Dans une deuxième étape, Paris envisage une conférence internationale pour encadrer et soutenir les négociations, avec la participation des pays arabes.

Pour les promoteurs de cette initiative, il s'agit d'obtenir le feu vert ou au moins la neutralité bienveillante de Washington pour que le Conseil puisse enfin faire entendre sa voix sur ce dossier, pour la première fois depuis 2009.

«Il y a une opportunité à saisir», souligne un diplomate européen. Il estime que les Américains, après avoir martelé que seules des négociations directes israélo-palestiniennes peuvent régler le conflit, sont désormais prêts à s'engager de manière prudente à l'ONU.

Israël en campagne électorale 

Mais si les Américains n'ont pas fermé la porte ils tardent à donner une réponse claire, déplore un autre diplomate: «ils semblent disposés à se lancer, mais se demandent toujours si c'est le bon moment pour le faire».

Les points litigieux du projet de texte n'ont toujours pas été réglés: faut-il fixer une échéance précise, et laquelle? faut-il tenir compte, et comment, de la volonté de Benyamin Nétanyahou de faire d'Israël un État «juif»?

Dans ces conditions, si les discussions aboutissaient avant la fin de l'année, ce serait «une sorte de miracle», estiment en choeur deux des négociateurs.

La proximité des élections anticipées en Israël, fixées au 17 mars, complique encore la donne. Washington n'a pas demandé formellement aux Européens d'attendre le résultat du scrutin, mais le doute subsiste sur sa capacité à forcer la main à son allié israélien en pleine campagne électorale.

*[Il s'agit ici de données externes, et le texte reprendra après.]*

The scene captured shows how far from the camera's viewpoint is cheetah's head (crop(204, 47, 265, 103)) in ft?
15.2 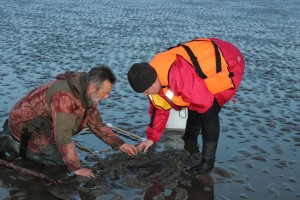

De leur côté, les Européens plaident l'urgence: plus le scrutin approche, soulignent-ils, plus un accord sera difficile et le moindre incident sur place peut dégénérer et tout faire capoter.

Autre paramètre: la composition du Conseil, qui change en janvier avec l'entrée de nouveaux membres non permanents. Plusieurs des nouveaux arrivants, en particulier le Venezuela, bête noire des États-Unis en Amérique latine, sont réputés plus favorables aux Palestiniens.

S'ils n'obtiennent pas le vote d'une résolution qui leur convienne, les Palestiniens menacent d'adhérer à la Cour pénale internationale (CPI), comme leur statut d'État observateur non membre à l'ONU, obtenu en novembre 2012, leur en donne le droit. Ce qui ouvrirait la voie à des plaintes contre Israël pour crimes de guerre à Gaza.

Le représentant palestinien à l'ONU Ryad Mansour a cependant nuancé ces menaces jeudi devant des journalistes: le vote de la résolution et l'adhésion à la CPI «ne sont pas nécessairement liés», a-t-il expliqué.

Les Palestiniens peuvent aussi s'appuyer sur une vague de décisions, même si elles sont non contraignantes, de la part de parlements en Europe (France, Royaume-Uni, Espagne, Irlande, Portugal) qui invitent leurs gouvernements à reconnaitre un État palestinien.